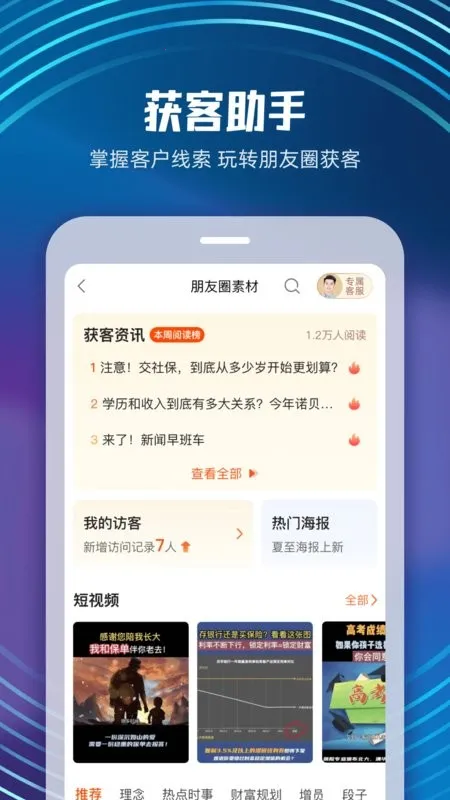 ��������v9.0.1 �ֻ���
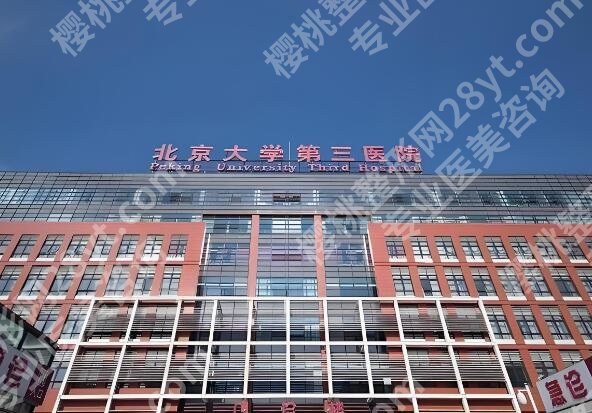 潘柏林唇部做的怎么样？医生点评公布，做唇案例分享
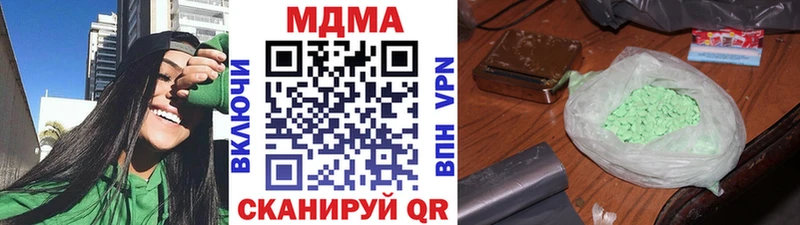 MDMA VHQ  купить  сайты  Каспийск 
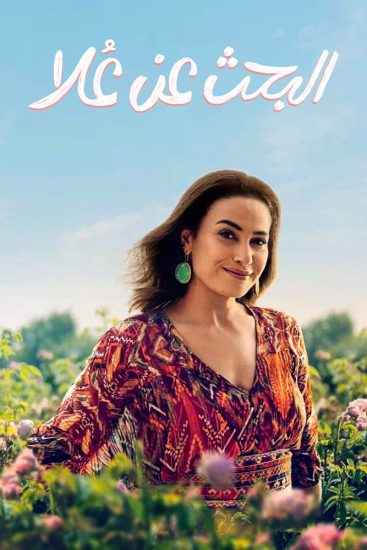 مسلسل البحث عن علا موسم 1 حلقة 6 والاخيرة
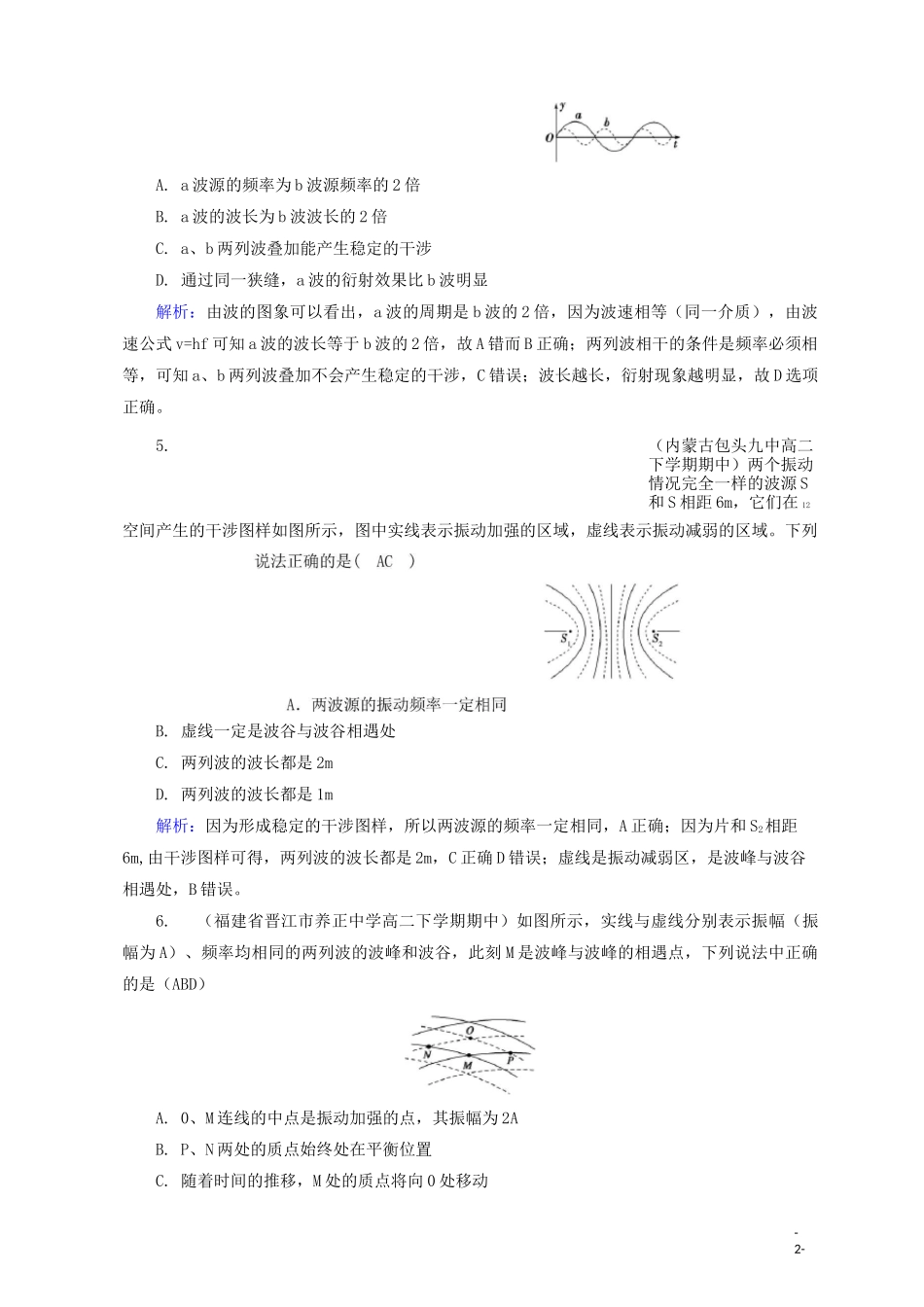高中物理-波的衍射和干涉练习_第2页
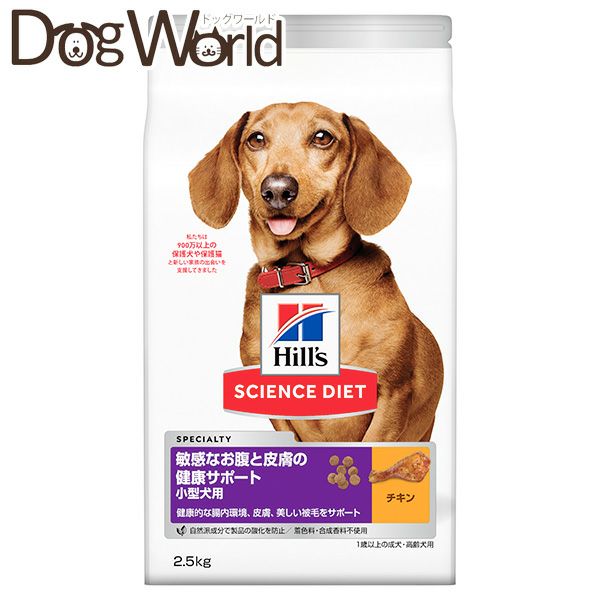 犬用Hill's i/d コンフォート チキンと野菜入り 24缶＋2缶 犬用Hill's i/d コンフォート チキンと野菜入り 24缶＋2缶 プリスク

--

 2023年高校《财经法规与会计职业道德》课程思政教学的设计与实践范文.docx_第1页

* **DIRECTIONS FOR THIS TASK**
When you reach the line with "潘柏林唇部做的怎么样？医生点评公布，做唇案例分享" in the records above, start writing out each line exactly, and stop after the line with "犬用Hill's i/d コンフォート チキンと野菜入り 24缶＋2缶 犬用Hill's". Pictures stay out.

* **TASK RESULT**
 潘柏林唇部做的怎么样？医生点评公布，做唇案例分享
 MDMA VHQ  купить  сайты  Каспийск 
 مسلسل البحث عن علا موسم 1 حلقة 6 والاخيرة
高中物理-波的衍射和干涉练习_第2页
 犬用Hill's i/d コンフォート チキンと野菜入り 24缶＋2缶 犬用Hill's i/d コンフォート チキンと野菜入り 24缶＋2缶 プリスク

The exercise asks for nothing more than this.